The Duke's explanation had been so clear and lucid, his
earnestness so compelling that the younger man was at least
forced to suspend judgment, and even found himself toying with
the idea that Simon might really be threatened by some very
dangerous and potent force which it would need all their courage
to resist during the dark hours that lay ahead.
It was eight o'clock now. Twilight had fallen and the trees at
the bottom of the garden were already merged in shadow. Yet with
the coming of darkness they were not filled with any fresh
access of fear. It seemed that their long talk had elucidated
the position and even strengthened the bond between them. Like
men who are about to go into physical battle, they were alert
and expectant but a little subdued, and realised that their
strongest hope lay in putting their absolute trust in each
other.
At Marie Lou's suggestion they went into the dining-room and
sat down to a cold supper which had already been laid out.
Having eaten so lightly during the day, their natural inclina
tion was to make a heavy meal but, without any further caution
from De Richleau, they all appreciated now that the situation
was sufficiently serious to make restraint imperative.

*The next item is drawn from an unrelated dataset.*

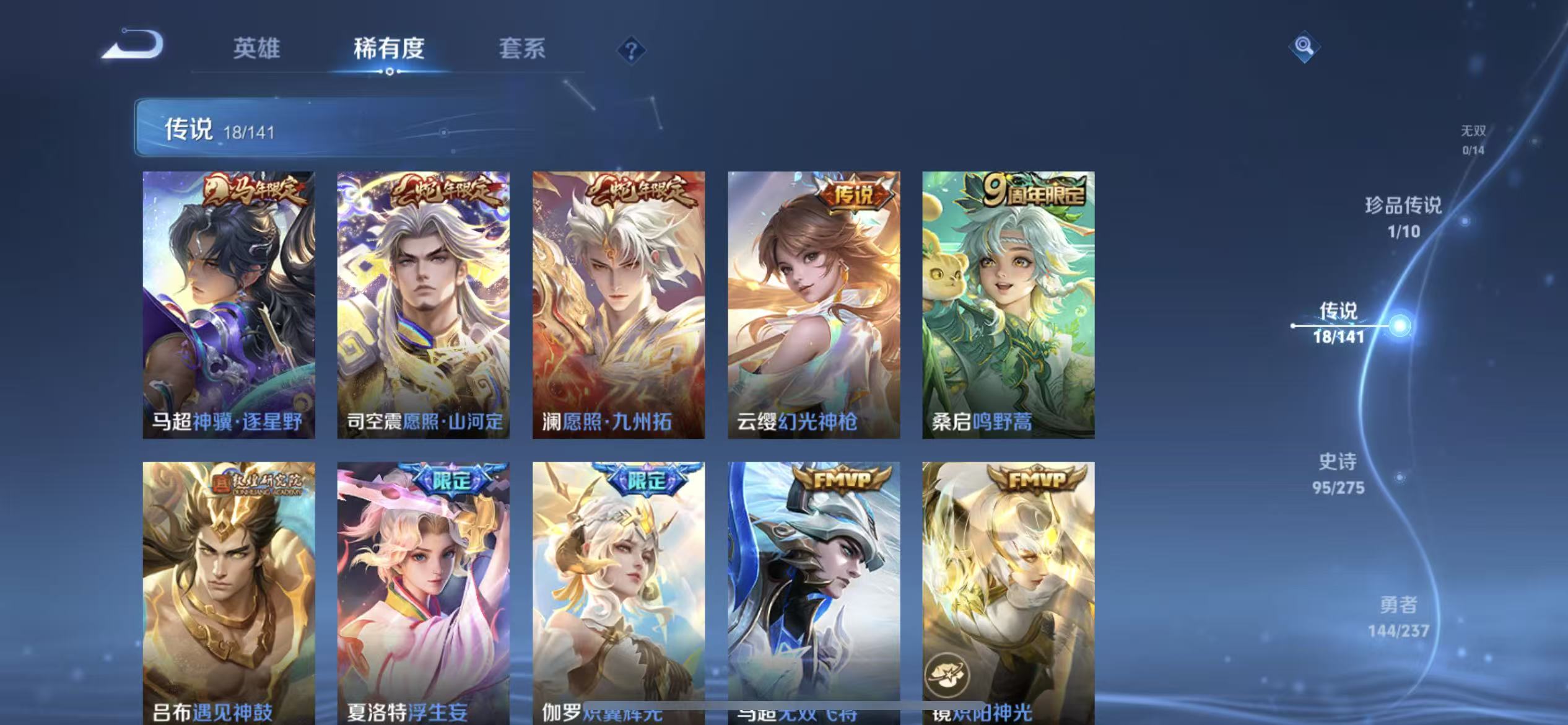 WZLX4222889王者荣耀账号详情图4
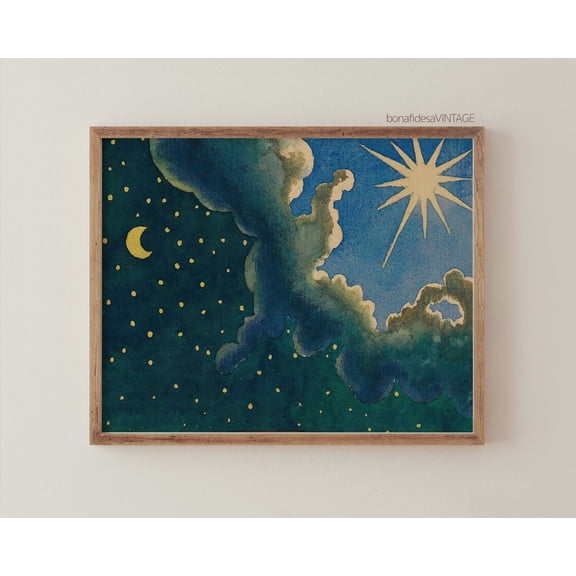 Funky Wall Art Poster, Maximalist Decor, Altered Art, Quirky Wall Art Poster, Feminine Wall Art Poster, Altered Art Landscape, Unframed Poster Size 8x12 F03.1.18l1869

Even Richard denied himself a second helping of his favourite
Morecambe Bay shrimps which had arrived that morning.
When they had finished the Duke leant over him. 'I think the
library would be the best place to conduct my experiments, and I
shall require the largest jug you have full of fresh water, some
glasses and it would be best to leave the fruit.'
'By all means,' Richard agreed, glancing towards his butler.
'See to that please, Maim-will you.' He then went on to give
clear and definite instructions that they were not to be dis
turbed on any pretext until the morning, and concluded with an
order that the table should be cleared right away.
With a bland, unruffled countenance the man signified his
understanding and motioned to his footman to begin clearing the
table. So bland in fact was the expression that it would have
been difficult for them to visualise him half an hour later in
the privacy of the housekeeper's room declaring with a knowing
wink:
'In my opinion it's spooks they're after-the old chap's got no
television set. And behaving like a lot of heathens with not a
drop of drink to their dinner. Think of that with young Simon
there who's so mighty particular about his hock. But
spiritualists always is that way. I only hope it doesn't get 'em
bad or what's going to happen to the wine bill I'd like to
know?'
When Richard had very pointedly wished his henchman 'good
night,' they moved into the library and De Richleau, who knew
the room well, surveyed it with fresh interest.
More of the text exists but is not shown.